Lariat Letter: Class regulation a bad idea for BU

By Danny Huizinga

As with any university, there are likely some classes or professors at Baylor that are not conducive to excellent learning.

However, the Oct. 17 Lariat editorial, “Regulated curriculum helps BU,” prescribes a vague solution that could very well do more harm than good.

The Lariat is correct in articulating the importance of professor reviews. Thoughtful, honest feedback can be extremely useful to professors and department heads. But if the goal is to facilitate the best possible learning process, it is illogical to argue that “courses should be regulated for leveled experience.”
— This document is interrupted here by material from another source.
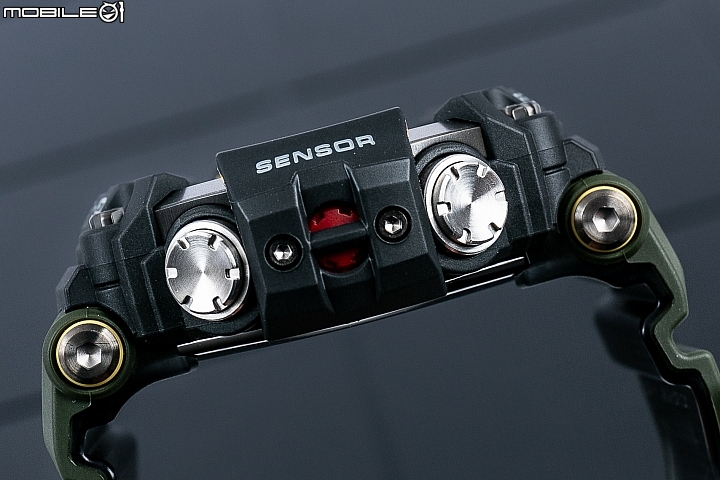 【開箱】強悍外型 CASIO G-SHOCK GPR-B1000 太陽能導航錶搶先看！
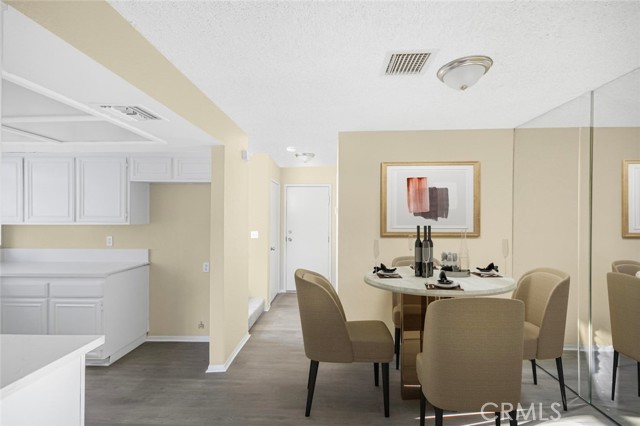 Detail Gallery Image 3 of 21 For 429 W Avenue J5 #4,  Lancaster,  CA 93534 - 2 Beds | 2/1 Baths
Just as in other levels of schooling, teachers themselves, not administrators, are the best equipped to manage their classes. The Lariat keeps mentioning “regulation” without outlining a plan for how this would happen.

How can courses be regulated for “across-the-board equality” without violating academic freedom and eliminating personal teaching styles?

The Lariat goes on to argue, “With across-the-board equality for all sections of courses, students get the best shot at the quality education they paid Baylor to give them.” I couldn’t disagree more.

A blind mandate for perfect equality leads to suppression of personal differences between professors and a robotic repetition of information on a screen. Let professors teach things in different ways. Students have ways of talking to each other to determine which professor’s class structure may best fit their needs

Even if you take a class in which the teaching style is difficult, it hardly means you don’t have a “fair shot at getting an A,” as the Lariat argues.

In Stephen R. Covey’s revolutionary book, “The Seven Habits of Highly Effective People,” he speaks against this reactive mindset. “Instead of reacting to or worrying about conditions over which they have little or no control, proactive people focus their time and energy on things they can control.

Requirements for classes are clearly outlined, and there are existing systems and procedures to follow if a professor is unhelpful or disrespectful. The way to reform bad teaching is through reviews and evaluations. Arguing for a vague, undefined system of “regulation” will not help us achieve the most out of our Baylor education.